What you are asked to do :: Repeat the data verbatim, images excluded.

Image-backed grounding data
----

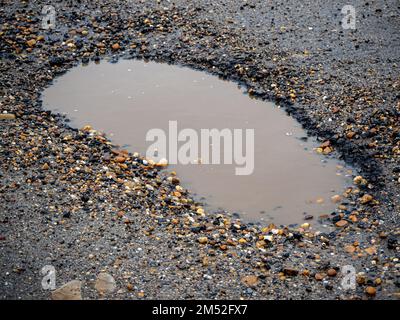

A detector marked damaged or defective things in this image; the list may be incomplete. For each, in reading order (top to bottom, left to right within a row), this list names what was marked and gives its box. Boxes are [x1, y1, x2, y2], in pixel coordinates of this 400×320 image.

water-filled pothole [42, 59, 352, 225]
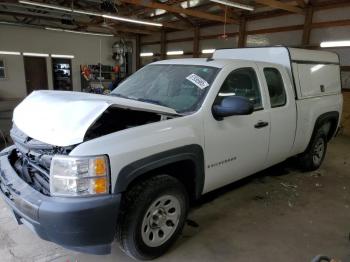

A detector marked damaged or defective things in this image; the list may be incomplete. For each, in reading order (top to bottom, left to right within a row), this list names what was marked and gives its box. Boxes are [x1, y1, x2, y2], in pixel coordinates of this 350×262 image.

crumpled hood [13, 90, 178, 147]
damaged front end [9, 126, 74, 195]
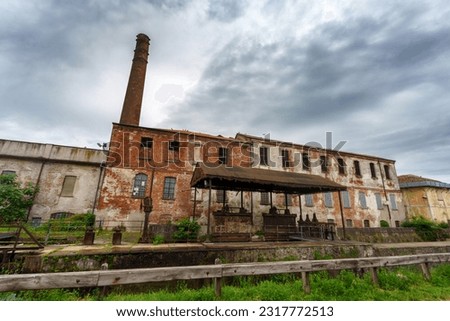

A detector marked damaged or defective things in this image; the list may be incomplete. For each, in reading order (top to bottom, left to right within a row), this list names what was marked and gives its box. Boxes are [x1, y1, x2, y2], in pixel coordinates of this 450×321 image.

broken window [60, 174, 76, 196]
broken window [132, 172, 148, 198]
rusted metal roof [189, 162, 344, 192]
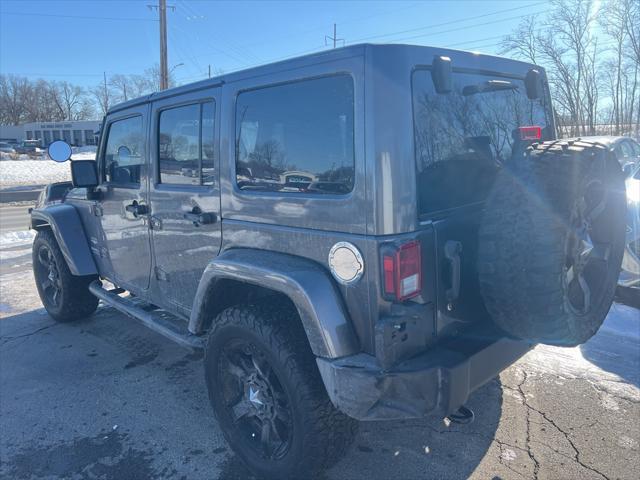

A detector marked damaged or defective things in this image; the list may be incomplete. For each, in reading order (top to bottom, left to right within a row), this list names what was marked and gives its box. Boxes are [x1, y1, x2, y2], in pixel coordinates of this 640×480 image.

cracked pavement [0, 234, 636, 478]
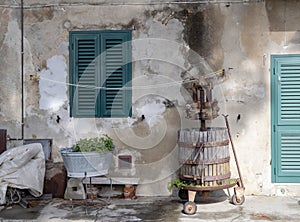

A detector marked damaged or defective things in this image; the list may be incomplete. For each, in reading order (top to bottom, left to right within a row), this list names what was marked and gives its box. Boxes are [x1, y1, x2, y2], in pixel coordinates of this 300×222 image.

rusty metal barrel [178, 127, 232, 186]
rusty metal container [178, 127, 232, 186]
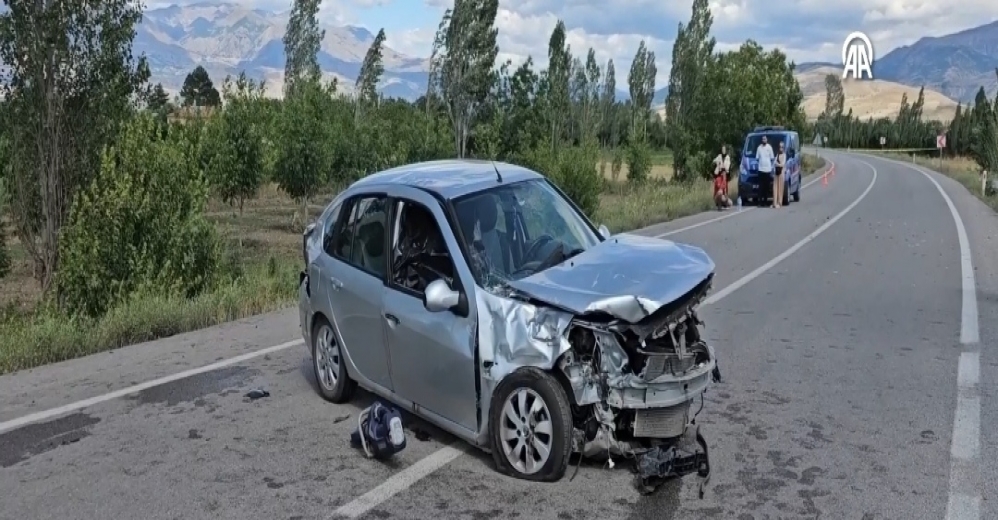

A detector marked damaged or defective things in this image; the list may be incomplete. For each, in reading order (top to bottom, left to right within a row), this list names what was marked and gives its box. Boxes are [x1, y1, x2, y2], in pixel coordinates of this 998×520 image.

severely damaged car [296, 158, 720, 488]
crumpled front hood [512, 234, 716, 322]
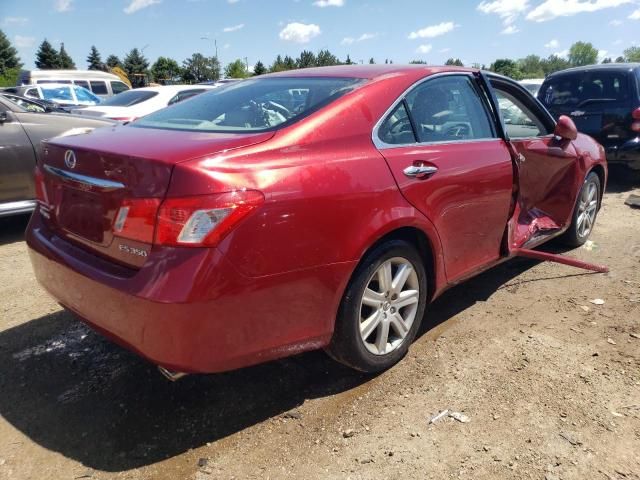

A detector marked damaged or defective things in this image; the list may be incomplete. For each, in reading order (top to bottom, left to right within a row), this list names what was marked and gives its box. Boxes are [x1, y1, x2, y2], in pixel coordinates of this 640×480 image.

wrecked vehicle [23, 64, 604, 378]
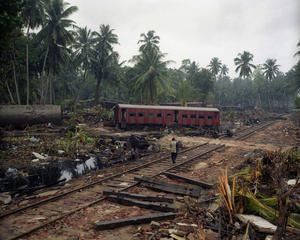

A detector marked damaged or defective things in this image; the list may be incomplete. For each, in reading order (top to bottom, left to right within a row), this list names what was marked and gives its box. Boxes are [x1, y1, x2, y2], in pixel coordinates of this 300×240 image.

damaged railway track [0, 119, 276, 239]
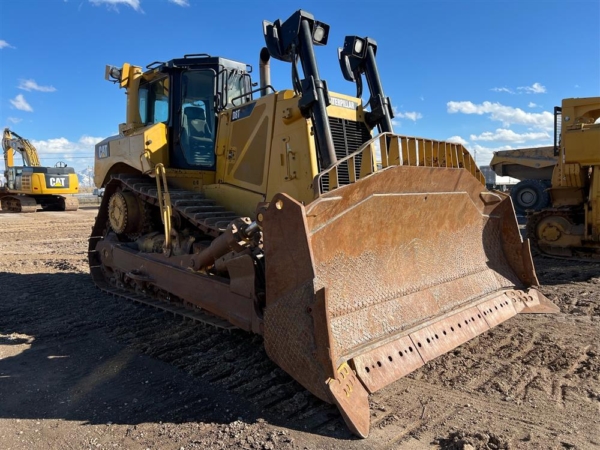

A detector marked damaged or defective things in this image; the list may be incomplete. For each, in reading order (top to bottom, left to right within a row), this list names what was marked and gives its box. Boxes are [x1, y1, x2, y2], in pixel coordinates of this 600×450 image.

rusty dozer blade [262, 164, 556, 436]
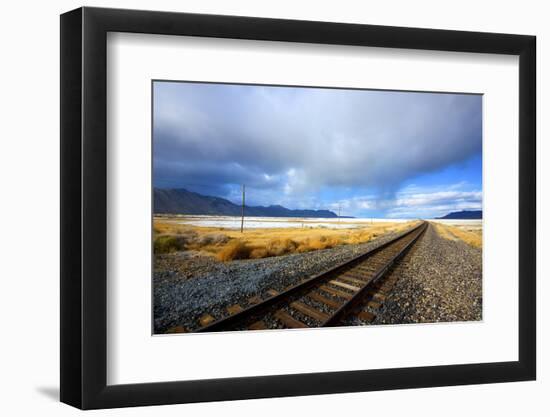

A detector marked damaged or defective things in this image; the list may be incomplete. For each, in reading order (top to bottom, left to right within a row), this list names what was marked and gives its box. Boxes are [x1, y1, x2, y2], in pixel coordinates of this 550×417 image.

rusty rail surface [196, 221, 430, 332]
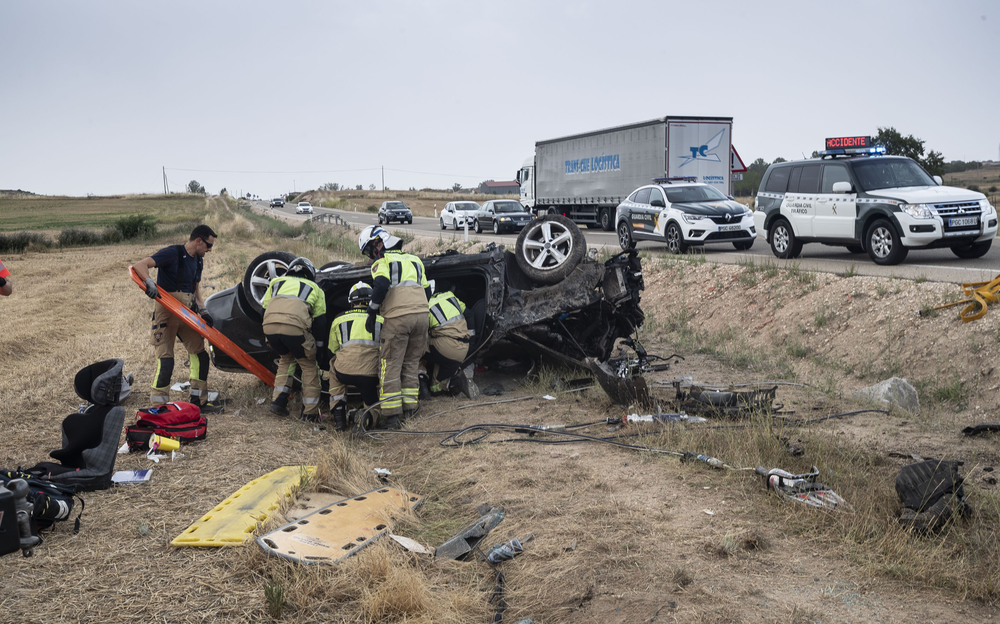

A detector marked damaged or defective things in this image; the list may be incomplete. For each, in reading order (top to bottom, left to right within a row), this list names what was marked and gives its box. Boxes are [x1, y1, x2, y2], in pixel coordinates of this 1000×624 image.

overturned car [203, 214, 648, 400]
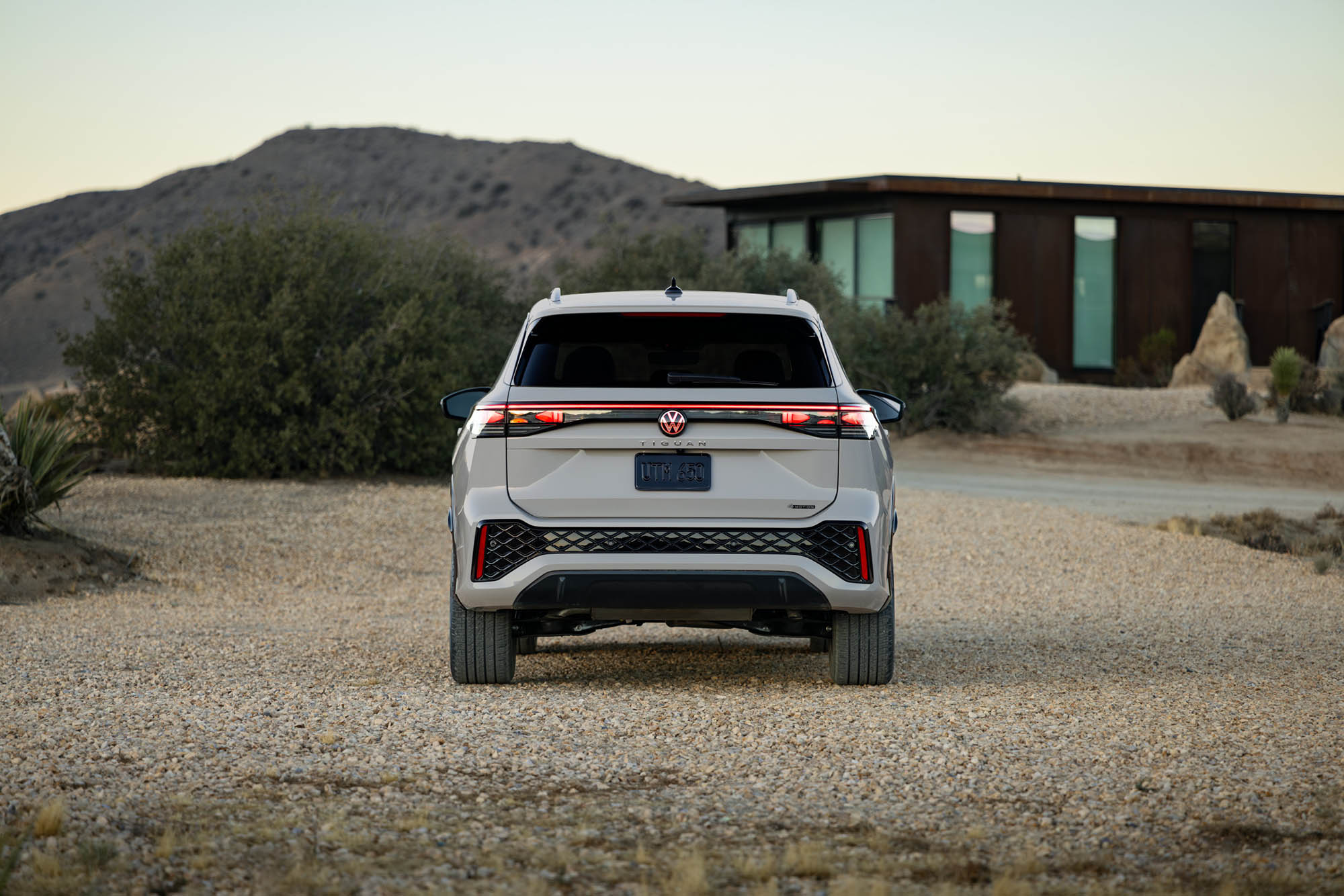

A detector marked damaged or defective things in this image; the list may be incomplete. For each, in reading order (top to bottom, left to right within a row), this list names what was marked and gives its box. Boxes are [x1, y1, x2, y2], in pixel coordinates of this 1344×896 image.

rusted corten steel wall [694, 184, 1344, 376]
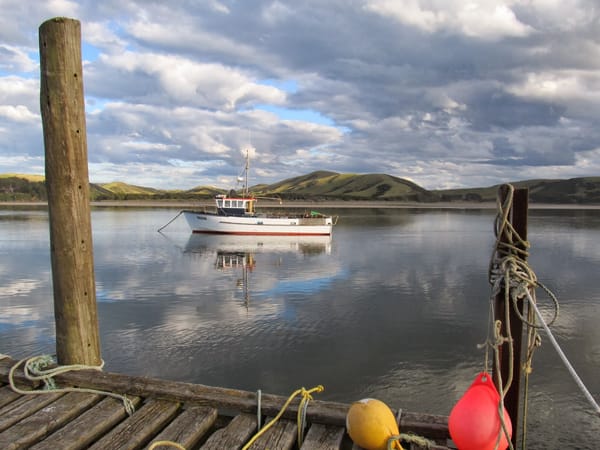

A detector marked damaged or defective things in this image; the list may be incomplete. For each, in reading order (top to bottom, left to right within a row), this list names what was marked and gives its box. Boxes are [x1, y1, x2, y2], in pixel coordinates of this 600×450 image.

rusty metal pole [39, 17, 102, 368]
rusty metal pole [492, 185, 528, 448]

----

Solution to this problem ::
A detector marked damaged or defective things in this image; the list may be incomplete. For each, in reading order (top to bottom, left to right within a row), this list names what was marked and gives its box. Boxes are [x1, y1, x2, y2], in pixel coordinates of this 400×320 image.

water-filled pothole [42, 59, 352, 225]

A detector marked damaged or defective things in this image; the list may be incomplete. For each, in reading order (top to bottom, left to right within a row), this list names what was marked and gives its box. Boxes are [x1, y1, x2, y2], in pixel coordinates of this 350×262 image.

crumpled hood [13, 90, 178, 147]
damaged front end [9, 126, 74, 195]

A detector marked damaged or defective things in this image; the list may be incomplete. For each, in reading order (top to bottom, left to right within a row), this list names what was marked and gives its box. Boxes are [x1, y1, x2, y2], in pixel coordinates of this 450×321 image.

broken window [60, 174, 76, 196]
broken window [132, 172, 148, 198]
rusted metal roof [189, 162, 344, 192]

A detector marked damaged or defective things in this image; the list may be incomplete. For each, in reading order (top to bottom, left to right within a row), this list names what was marked and gives its box. Boxes are [x1, y1, x2, y2], in pixel coordinates of this 640×480 image.

cracked pavement [0, 234, 636, 478]

A detector marked damaged or defective things in this image; the list may be incomplete. For each, in reading order (top to bottom, left to right within a row), this list names what was marked and gives its box. Boxes are [x1, y1, x2, y2], in pixel coordinates of this 300×222 image.

rusty metal barrel [178, 127, 232, 186]
rusty metal container [178, 127, 232, 186]

A detector marked damaged or defective things in this image; the list may be incomplete. For each, in reading order (top to bottom, left to right within a row), this list names what was marked and gives its box. Boxes are [x1, y1, x2, y2], in pixel coordinates of this 998×520 image.

severely damaged car [296, 158, 720, 488]
crumpled front hood [512, 234, 716, 322]

A detector marked damaged or defective things in this image; the list may be incomplete. For each, in reading order (top to bottom, left to right within a row), this list names what was marked and gives its box. Boxes are [x1, y1, x2, y2], in pixel coordinates of this 640×480 image.

wrecked vehicle [23, 64, 604, 378]

A detector marked damaged or defective things in this image; the list may be incomplete. For each, in reading order (top to bottom, left to right within a row), this list names what was marked and gives its box. Boxes are [x1, y1, x2, y2], in pixel coordinates of this 300×240 image.

damaged railway track [0, 119, 276, 239]

A detector marked damaged or defective things in this image; the list may be incomplete. For each, in reading order (top to bottom, left to right within a row), this list names what was marked and gives its box. Boxes are [x1, y1, x2, y2], in pixel coordinates of this 600×450 image.

rusty dozer blade [262, 164, 556, 436]

A detector marked damaged or defective things in this image; the list may be incomplete. For each, in reading order (top to bottom, left to right within a row), this list names what was marked and gives its box. Boxes are [x1, y1, x2, y2], in pixel coordinates of this 550×417 image.

rusty rail surface [196, 221, 430, 332]

A detector marked damaged or defective things in this image; the list may be incomplete. For each, in reading order (top to bottom, left to right within a row), this list names what was marked and gives its box. Boxes are [x1, y1, x2, y2], in pixel coordinates of this 1000×624 image.

overturned car [203, 214, 648, 400]

A detector marked damaged or defective things in this image; the list may be incomplete. For each, in reading order (top to bottom, left to right within a row), this list names what was marked and gives its box. Boxes are [x1, y1, x2, y2], in pixel coordinates of this 1344×896 image.

rusted corten steel wall [694, 184, 1344, 376]

A detector marked damaged or defective things in this image; the list may be incomplete. For each, in reading order (top to bottom, left to right within a row), this list names what was marked and gives its box. Boxes are [x1, y1, x2, y2], in pixel coordinates of this 600×450 image.

rusty metal pole [39, 17, 102, 368]
rusty metal pole [492, 185, 528, 448]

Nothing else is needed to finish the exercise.